--- DATASET RECORDS ---

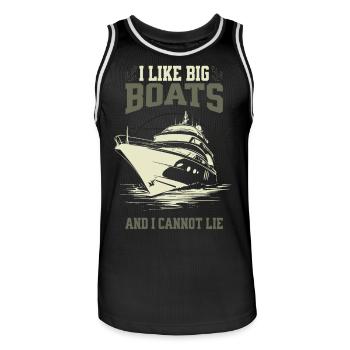 I Like Big Boats And I Cannot Lie – Yacht Design - Männer Basketball-Trikot - Schwarz/Weiß - Vorne - AI Model Male 185 dark (185cm)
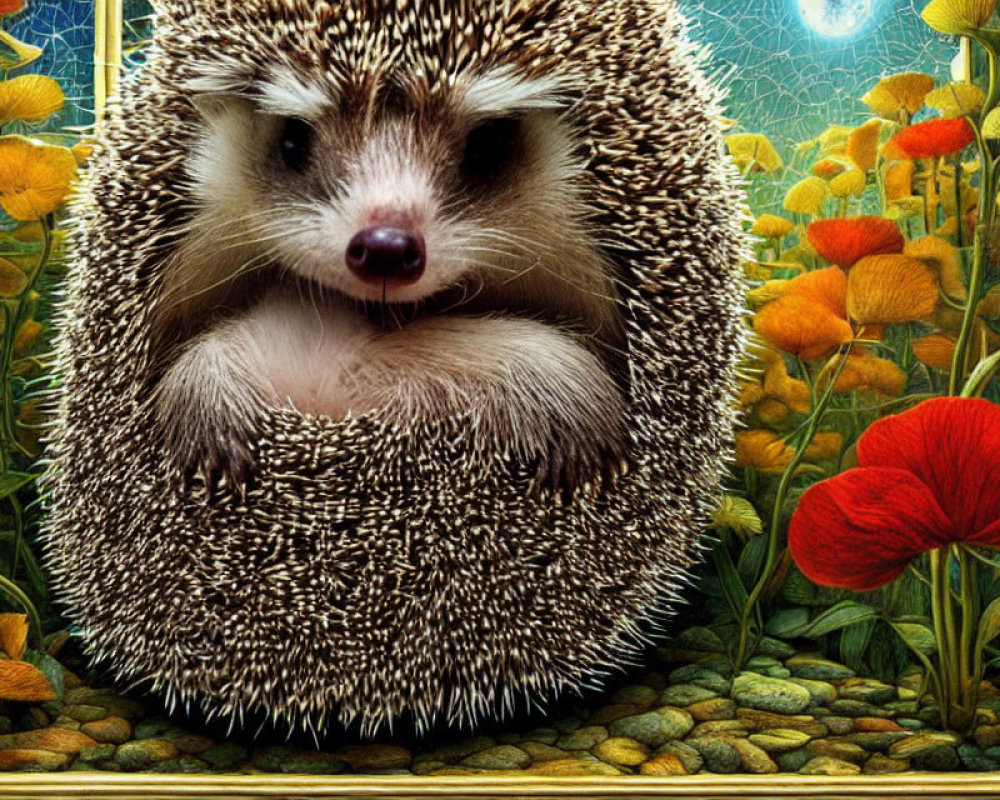 Colorful flowers and pebbles surround a hedgehog in ornate golden frame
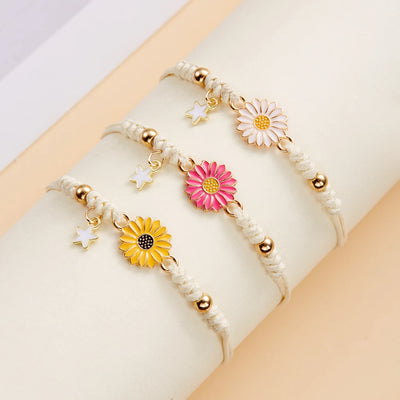 Simple Sunflower Bracelets for Women Handmade Braided Fashion Colorful Daisy Adjustable Bangle Friendship Good Luck Jewelry Gift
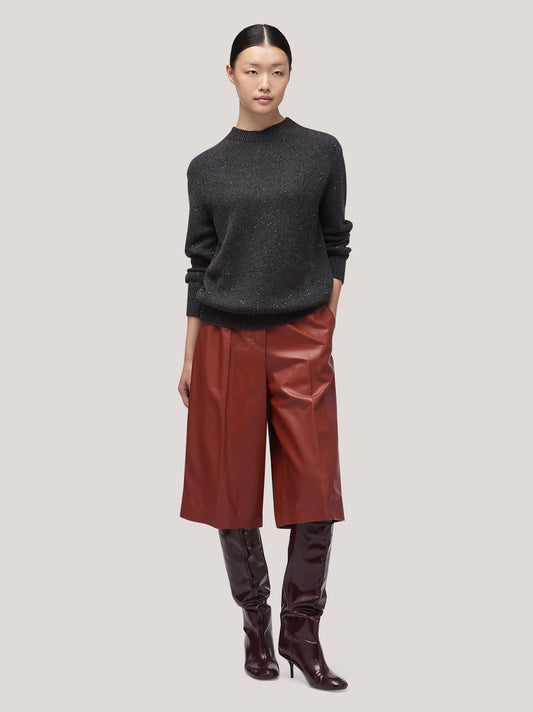 Maglia donna paricollo manica lunga, paillettes grafite mel 250f35_fw256a_425gra
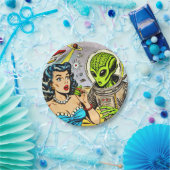 Retro Alien Science Fiction Comics Papieren Bordje (Feest)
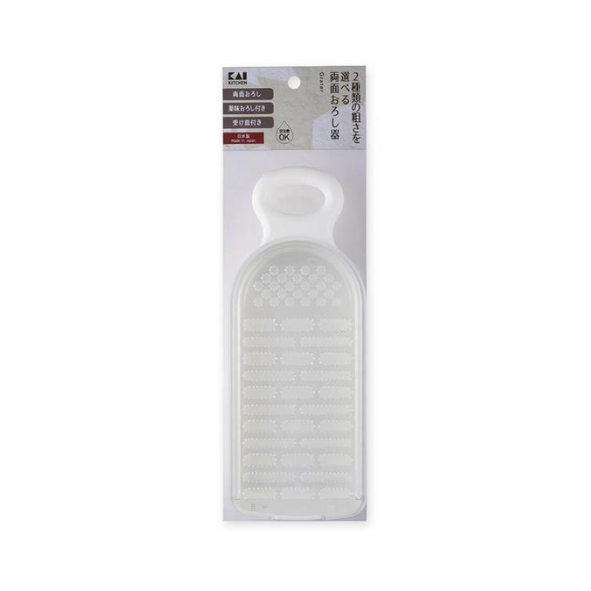 KAI Double‑Sided Grater with Tray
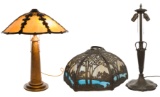 Art Nouveau Style Slag Glass Table Lamps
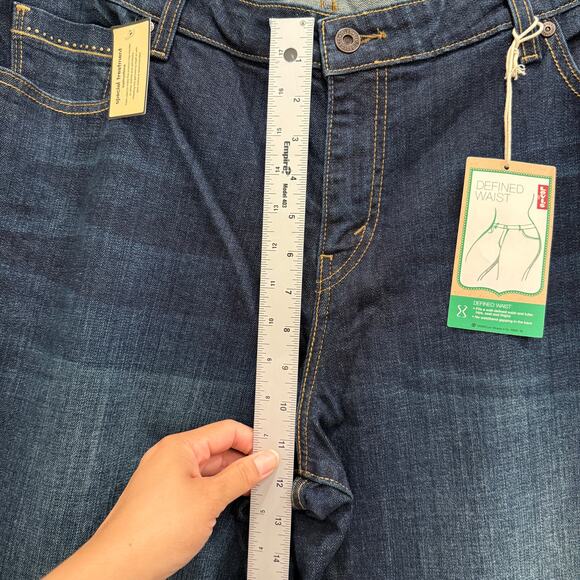 NWT Levi’s Women’s 20W 580 Defined Waist Boot Cut Jeans Dark Wash Plus Western - Picture 6 of 9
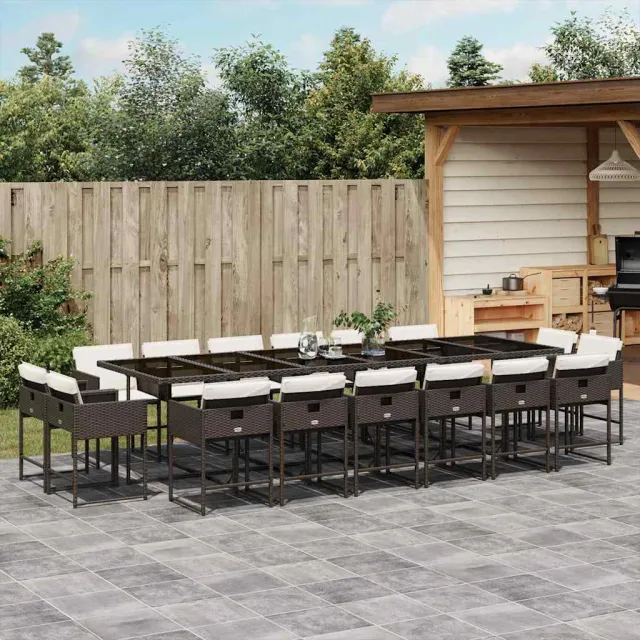 vidaXL 17-delige Tuinset met kussens poly rattan zwart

---

(EXERCISE):
Your task is to give again, unchanged, the lines from the line that contains "NWT Levi’s Women’s" to the end of the records. Include both end lines but no pictures.

(EXPECTED OUTPUT):
 NWT Levi’s Women’s 20W 580 Defined Waist Boot Cut Jeans Dark Wash Plus Western - Picture 6 of 9
 vidaXL 17-delige Tuinset met kussens poly rattan zwart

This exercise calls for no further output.